Is Your Troubled Project Jumping the Shark?post by Chris Curran on July 6, 2010
John Sviokla examines Google’s acquisition of travel information company ITA in his post Friday and wonders if they might be taking their eyes off the ball. He stops short of saying Google’s “jumping the shark” with this move, but in view of the growth of Facebook and even LinkedIn, it’s still an interesting question.
References to “jumping the shark” have been coming out of nowhere lately to this term that refers to the point in the life of a TV show that it starts going downhill. The term itself comes from the Happy Days episode when Fonzie attempts a water ski jump over a shark. Jumping the shark happens when network leadership senses that something needs to change and starts doing silly things or making cosmetic changes instead of examining what got them there in the first place and fixing anything there that’s broken. For more on the subject, TV Guide lists 19 ways that shows jump the shark and hundreds of examples.

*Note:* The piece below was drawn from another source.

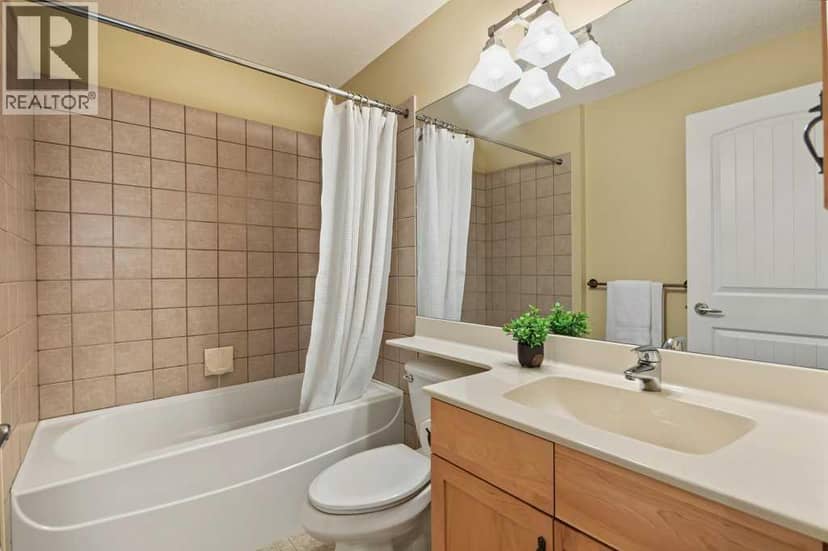 162 Brightonstone Landing SE — photo 24 of 31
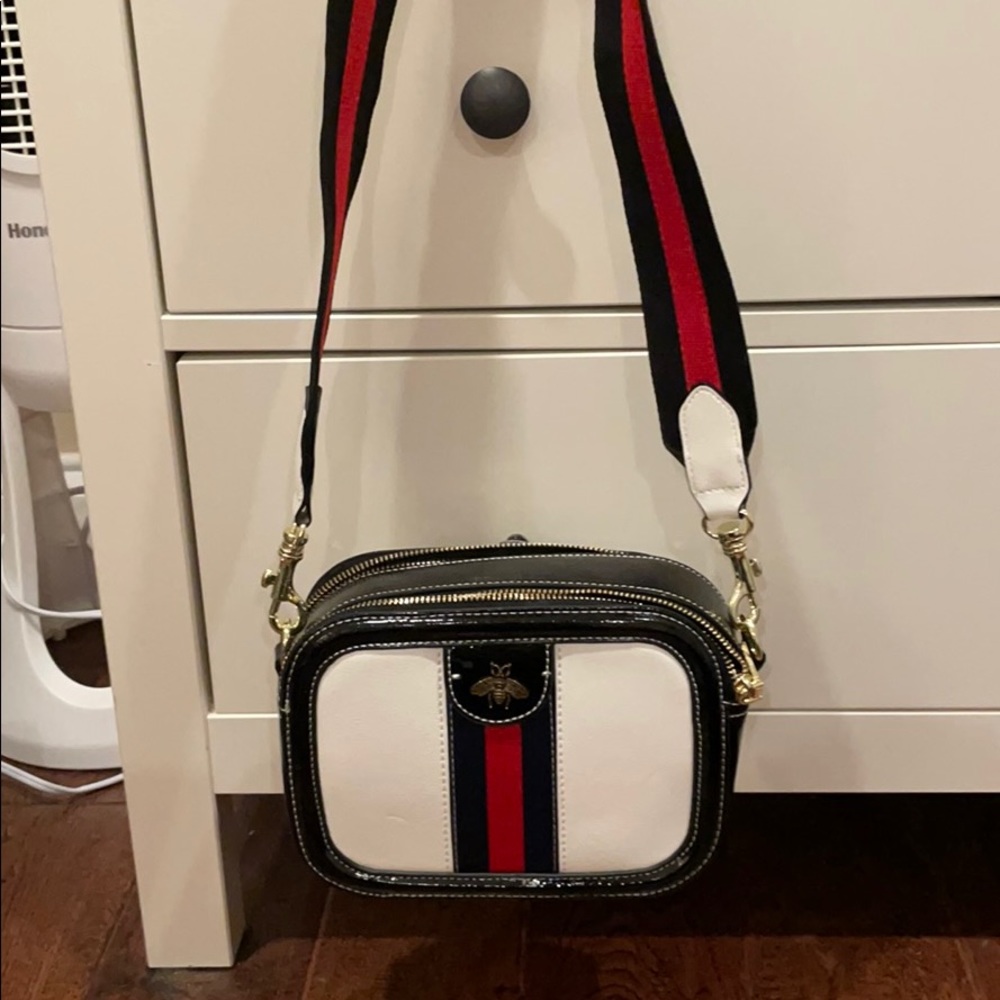 Black and white bee bag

As John suggests, there is a decent analogy for businesses. If Google takes its eye off the ball and starts making off-strategy acquisitions, maybe they are jumping the shark. I was wondering if there are similar signs for IT projects. When project leadership senses that something isn’t quite right, do they step back and evaluate the overall plan, approach, schedule, and business case or do they tweak a few things and hope that it will get better?
Thinking through a few good and bad projects, some projects that were starting to slip took both routes - some fixed the core and some just put some makeup on the pig. Thinking of the latter case, here are some signs that your project might be jumping the shark.
Changed the Project Manager
It’s important to know if it’s the project manager who is unable to lead the project or the project plan and approach that’s broken.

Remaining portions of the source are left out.